A few months ago, I saw previews on ABC for a new show called Betrayal. The show involved a married woman embarking on her first extra-marital affair. I knew I had to watch this show. I needed to know: how did her affair start, how did she meet her new lover when she is busy with a child, and how will it all end? Will they keep it a secret? Will it destroy her family? Most of all, I needed to live vicariously through this character to understand my own feelings about cheating.

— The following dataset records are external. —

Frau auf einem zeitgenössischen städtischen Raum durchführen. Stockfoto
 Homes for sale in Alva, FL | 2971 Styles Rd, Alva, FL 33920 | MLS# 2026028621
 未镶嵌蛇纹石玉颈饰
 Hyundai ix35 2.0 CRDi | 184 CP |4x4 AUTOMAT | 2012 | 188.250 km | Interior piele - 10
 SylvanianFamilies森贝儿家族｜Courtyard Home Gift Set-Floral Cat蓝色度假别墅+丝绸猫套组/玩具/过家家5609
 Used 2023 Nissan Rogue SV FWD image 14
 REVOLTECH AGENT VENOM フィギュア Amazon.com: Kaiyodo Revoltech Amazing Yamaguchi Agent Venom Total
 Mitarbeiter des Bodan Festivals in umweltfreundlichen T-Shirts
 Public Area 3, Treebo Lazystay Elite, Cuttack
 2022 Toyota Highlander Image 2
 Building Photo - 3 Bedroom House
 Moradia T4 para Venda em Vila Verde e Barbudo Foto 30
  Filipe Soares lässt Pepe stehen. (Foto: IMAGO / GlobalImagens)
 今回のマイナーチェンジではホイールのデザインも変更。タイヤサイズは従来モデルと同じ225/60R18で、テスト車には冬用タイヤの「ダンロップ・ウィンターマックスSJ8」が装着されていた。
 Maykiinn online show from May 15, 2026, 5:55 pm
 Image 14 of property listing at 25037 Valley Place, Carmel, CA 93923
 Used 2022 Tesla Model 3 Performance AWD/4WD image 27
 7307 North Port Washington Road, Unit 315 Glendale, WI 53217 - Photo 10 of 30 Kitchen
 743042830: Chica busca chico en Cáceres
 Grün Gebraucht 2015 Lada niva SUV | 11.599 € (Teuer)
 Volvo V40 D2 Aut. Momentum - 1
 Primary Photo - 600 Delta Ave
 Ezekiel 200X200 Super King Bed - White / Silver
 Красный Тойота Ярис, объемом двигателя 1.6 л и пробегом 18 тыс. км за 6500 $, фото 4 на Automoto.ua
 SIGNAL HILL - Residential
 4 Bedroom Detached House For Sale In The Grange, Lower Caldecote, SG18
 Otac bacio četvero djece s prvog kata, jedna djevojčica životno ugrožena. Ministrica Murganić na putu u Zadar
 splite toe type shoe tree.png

I have been watching Betrayal every Sunday night. It excites me, and I look forward to it, but the verdict is that it’s unrealistic (no big surprise there). The main female character has a gorgeous husband who is a little intense and a little self-involved, but certainly not, in my opinion, enough of a jerk to fall out of love with. Then she meets an equally gorgeous, brilliant and seemingly perfect married man and after a few sparks of chemistry during a conversation, they can’t resist each other. The affair begins, they have intensely passionate sex, they fall in love after what seems like just a few weeks, and eventually their spouses find out. So how did it going to all go down? A messy divorce? Heartbroken kids? Not even. Both couples have a calm, civil separation and the one young son has about 10 minutes of sadness and confusion and then he seems to be all good with their new little joint custody situation. I shouldn’t have expected anything more from a TV show, but I’m disappointed. It can’t be that easy.
So the show is not going to be my roadmap to having an affair, but it will be my weekly cheating pleasure. What I get out of this show every week is seeing two gorgeous, loving men longing for a woman. I get to fantasize about the dramatic intensity of wanting someone and them wanting me. Betrayal reminds me of what I want to feel–emotionally and physically. And surprisingly, I can use it as a benchmark for feelings that I want to re-acheive with my own husband. If we make it that far.